WORK TO BE COMPLETED -> Compute the number of lines in the following data that include the word "Close", and output that number alone.

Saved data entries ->
..............................

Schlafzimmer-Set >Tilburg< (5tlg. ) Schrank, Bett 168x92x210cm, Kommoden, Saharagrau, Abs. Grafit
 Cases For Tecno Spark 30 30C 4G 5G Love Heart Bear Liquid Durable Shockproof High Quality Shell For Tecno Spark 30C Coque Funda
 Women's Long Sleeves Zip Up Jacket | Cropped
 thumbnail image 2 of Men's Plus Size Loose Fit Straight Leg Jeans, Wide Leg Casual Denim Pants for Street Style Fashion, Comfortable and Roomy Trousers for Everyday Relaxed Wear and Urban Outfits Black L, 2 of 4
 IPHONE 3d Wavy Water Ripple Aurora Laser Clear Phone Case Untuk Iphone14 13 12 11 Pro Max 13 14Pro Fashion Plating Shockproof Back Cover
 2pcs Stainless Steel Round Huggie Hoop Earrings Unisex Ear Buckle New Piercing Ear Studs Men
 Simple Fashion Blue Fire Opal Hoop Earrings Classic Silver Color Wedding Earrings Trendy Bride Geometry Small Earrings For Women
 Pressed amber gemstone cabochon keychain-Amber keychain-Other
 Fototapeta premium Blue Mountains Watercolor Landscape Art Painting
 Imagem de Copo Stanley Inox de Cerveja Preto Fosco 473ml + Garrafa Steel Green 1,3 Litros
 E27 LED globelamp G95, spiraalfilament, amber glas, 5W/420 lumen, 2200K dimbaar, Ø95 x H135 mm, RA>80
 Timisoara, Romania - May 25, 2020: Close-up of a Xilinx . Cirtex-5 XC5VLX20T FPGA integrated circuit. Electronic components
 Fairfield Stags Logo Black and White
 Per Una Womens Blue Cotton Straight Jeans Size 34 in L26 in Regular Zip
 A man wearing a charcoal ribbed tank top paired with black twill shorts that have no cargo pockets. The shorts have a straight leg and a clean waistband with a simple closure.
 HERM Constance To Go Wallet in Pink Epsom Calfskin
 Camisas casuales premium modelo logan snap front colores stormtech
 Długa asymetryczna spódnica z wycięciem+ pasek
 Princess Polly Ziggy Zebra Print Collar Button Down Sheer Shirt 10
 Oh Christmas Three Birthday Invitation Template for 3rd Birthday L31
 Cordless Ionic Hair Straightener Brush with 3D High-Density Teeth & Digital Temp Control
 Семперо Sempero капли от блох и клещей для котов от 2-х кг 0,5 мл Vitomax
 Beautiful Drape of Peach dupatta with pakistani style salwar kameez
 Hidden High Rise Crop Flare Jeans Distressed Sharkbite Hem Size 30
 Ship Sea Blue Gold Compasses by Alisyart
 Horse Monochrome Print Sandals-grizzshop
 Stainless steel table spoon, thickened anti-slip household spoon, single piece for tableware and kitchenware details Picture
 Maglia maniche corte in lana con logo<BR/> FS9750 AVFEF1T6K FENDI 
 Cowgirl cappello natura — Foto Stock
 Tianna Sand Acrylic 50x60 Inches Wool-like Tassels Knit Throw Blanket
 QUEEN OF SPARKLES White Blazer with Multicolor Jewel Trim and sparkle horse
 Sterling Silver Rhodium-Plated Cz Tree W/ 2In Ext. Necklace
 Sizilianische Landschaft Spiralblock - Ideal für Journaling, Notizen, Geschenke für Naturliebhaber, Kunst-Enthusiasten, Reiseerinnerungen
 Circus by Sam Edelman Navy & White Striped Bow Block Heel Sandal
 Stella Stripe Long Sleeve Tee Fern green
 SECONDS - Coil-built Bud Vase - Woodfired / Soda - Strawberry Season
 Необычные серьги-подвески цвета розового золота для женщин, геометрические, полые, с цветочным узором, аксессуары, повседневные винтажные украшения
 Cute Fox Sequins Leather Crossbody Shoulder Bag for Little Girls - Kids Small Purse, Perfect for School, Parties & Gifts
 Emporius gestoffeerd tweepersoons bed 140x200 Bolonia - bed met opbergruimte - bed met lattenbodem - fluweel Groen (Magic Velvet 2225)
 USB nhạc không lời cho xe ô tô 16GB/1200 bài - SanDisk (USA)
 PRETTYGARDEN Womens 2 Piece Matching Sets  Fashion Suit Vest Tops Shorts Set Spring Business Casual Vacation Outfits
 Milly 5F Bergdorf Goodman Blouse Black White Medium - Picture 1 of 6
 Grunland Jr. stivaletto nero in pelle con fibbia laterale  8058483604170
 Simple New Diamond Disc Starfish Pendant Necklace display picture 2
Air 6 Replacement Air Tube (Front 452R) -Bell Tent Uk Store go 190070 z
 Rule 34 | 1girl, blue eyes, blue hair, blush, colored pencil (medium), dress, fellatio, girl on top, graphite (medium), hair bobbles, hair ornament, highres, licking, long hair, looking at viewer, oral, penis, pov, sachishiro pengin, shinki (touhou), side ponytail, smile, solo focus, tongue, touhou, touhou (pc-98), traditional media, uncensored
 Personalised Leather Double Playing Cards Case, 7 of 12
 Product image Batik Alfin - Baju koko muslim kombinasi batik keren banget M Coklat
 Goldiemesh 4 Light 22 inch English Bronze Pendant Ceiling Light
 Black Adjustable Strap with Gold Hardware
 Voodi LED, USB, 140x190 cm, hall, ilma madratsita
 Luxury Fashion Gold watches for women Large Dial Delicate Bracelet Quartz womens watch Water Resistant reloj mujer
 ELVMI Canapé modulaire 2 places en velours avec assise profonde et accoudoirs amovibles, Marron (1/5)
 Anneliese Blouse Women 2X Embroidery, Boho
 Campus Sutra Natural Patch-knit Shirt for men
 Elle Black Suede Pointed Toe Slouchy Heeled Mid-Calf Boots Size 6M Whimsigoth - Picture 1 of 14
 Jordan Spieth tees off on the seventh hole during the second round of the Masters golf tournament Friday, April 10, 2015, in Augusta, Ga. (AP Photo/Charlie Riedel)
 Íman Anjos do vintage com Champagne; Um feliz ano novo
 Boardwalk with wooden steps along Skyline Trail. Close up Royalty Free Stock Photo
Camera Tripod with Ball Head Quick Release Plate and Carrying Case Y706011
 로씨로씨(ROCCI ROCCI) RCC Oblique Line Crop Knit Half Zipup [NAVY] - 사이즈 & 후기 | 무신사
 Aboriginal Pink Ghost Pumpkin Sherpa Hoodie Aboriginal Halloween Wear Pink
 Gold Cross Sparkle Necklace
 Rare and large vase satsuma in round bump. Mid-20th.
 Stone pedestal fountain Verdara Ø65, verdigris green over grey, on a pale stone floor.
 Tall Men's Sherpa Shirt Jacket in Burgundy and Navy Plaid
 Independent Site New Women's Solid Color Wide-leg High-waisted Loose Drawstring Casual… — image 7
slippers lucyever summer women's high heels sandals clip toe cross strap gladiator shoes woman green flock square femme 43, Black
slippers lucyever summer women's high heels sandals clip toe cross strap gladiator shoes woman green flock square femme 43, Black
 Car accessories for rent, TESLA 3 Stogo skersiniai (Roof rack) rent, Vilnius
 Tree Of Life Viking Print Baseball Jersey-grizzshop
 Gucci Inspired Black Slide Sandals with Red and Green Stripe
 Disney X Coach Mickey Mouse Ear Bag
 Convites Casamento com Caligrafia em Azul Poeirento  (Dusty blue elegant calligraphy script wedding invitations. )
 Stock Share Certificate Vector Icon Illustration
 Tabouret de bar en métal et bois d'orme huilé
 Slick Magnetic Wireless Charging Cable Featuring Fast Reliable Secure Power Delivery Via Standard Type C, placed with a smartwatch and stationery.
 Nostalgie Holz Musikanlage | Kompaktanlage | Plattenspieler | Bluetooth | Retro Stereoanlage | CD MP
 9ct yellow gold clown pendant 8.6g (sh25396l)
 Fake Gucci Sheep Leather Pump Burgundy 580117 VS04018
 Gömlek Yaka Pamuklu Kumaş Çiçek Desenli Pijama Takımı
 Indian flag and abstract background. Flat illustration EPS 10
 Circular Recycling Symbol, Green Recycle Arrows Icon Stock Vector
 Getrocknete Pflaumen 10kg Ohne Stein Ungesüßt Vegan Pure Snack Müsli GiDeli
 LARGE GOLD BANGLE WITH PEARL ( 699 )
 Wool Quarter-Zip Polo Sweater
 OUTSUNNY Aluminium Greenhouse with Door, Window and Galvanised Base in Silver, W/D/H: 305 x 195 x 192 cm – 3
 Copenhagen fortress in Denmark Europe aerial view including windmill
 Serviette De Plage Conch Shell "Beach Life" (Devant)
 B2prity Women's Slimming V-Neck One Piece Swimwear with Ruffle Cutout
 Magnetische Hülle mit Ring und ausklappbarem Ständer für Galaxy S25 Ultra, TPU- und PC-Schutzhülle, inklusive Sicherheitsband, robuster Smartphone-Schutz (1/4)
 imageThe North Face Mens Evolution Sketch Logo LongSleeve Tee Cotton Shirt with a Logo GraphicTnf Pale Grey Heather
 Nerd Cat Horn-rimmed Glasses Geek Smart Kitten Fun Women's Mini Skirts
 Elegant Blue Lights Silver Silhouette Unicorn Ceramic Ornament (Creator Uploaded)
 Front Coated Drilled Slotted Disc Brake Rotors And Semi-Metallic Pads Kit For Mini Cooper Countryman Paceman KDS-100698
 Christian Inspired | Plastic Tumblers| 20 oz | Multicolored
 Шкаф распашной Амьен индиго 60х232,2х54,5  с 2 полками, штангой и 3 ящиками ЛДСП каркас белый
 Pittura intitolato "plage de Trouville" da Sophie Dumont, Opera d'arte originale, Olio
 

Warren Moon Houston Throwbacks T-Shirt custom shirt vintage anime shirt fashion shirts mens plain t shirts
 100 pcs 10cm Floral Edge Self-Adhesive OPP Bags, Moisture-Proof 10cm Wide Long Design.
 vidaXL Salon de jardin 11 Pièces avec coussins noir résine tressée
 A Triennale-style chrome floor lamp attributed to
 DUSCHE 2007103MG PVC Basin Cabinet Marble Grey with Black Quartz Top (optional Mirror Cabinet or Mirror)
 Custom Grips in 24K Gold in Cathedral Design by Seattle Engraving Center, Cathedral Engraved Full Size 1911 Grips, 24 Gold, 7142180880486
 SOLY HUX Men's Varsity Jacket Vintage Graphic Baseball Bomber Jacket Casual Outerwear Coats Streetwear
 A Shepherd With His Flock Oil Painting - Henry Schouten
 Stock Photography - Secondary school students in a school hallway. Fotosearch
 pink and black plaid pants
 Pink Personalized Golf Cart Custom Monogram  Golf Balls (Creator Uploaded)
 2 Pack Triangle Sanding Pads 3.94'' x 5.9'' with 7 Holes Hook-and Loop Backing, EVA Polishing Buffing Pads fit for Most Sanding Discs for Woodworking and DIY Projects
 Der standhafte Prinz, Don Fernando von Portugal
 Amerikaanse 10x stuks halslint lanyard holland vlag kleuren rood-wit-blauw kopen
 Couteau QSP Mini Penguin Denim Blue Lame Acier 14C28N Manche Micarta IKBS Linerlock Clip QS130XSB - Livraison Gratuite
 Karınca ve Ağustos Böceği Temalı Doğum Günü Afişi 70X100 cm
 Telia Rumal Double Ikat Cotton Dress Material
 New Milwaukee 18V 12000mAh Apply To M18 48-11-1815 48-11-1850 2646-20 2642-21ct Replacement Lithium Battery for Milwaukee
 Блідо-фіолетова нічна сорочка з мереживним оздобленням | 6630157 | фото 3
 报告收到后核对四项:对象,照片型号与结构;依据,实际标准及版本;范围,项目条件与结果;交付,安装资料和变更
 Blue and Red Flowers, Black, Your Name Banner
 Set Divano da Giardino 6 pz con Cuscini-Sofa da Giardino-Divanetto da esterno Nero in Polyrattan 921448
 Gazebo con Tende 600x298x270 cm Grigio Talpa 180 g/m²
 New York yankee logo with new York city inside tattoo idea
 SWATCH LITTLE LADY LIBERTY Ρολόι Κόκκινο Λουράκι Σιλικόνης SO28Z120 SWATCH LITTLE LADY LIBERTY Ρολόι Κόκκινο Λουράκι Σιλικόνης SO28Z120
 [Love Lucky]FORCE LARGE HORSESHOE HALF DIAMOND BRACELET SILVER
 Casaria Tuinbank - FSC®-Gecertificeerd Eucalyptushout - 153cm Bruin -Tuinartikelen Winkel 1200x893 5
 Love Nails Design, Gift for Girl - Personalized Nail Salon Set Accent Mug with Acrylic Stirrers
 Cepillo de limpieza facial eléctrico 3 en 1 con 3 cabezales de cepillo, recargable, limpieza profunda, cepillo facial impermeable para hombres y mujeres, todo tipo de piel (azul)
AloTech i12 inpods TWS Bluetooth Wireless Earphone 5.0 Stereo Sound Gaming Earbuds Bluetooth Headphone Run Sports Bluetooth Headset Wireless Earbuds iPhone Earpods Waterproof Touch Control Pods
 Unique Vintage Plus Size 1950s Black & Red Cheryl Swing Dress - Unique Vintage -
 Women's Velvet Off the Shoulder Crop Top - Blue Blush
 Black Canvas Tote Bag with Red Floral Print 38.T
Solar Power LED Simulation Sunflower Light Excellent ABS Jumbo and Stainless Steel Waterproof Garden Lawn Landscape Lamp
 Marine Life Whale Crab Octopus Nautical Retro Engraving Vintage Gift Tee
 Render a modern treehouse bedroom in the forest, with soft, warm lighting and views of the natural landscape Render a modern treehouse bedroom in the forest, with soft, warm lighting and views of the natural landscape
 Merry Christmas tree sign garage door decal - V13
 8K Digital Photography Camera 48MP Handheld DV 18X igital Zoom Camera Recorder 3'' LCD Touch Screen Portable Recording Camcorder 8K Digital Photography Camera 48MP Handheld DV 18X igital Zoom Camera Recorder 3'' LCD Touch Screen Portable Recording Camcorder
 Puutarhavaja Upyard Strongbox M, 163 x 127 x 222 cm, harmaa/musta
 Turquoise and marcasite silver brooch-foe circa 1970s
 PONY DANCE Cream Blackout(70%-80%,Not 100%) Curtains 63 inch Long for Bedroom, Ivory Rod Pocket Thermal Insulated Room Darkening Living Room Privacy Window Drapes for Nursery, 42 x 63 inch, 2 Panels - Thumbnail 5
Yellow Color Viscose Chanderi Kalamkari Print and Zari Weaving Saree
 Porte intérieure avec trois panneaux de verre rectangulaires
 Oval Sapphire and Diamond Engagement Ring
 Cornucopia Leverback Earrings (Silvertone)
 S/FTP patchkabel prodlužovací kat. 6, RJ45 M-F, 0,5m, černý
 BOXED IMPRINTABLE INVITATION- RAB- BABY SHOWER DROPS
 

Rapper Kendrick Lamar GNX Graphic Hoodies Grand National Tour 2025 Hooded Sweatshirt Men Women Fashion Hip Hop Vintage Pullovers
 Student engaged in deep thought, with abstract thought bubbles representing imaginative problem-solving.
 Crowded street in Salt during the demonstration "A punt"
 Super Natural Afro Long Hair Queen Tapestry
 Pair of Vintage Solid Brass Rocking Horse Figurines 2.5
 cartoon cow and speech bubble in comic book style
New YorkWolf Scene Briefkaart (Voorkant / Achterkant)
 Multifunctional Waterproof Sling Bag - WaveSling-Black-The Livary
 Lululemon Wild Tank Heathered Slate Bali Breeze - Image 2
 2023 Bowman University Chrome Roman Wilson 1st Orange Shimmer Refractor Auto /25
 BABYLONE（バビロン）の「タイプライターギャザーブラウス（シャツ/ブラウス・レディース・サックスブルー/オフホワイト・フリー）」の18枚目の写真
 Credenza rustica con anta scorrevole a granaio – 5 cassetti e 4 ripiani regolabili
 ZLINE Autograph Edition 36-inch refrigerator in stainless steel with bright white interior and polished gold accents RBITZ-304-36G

..............................

EXERCISE OUTPUT -> 2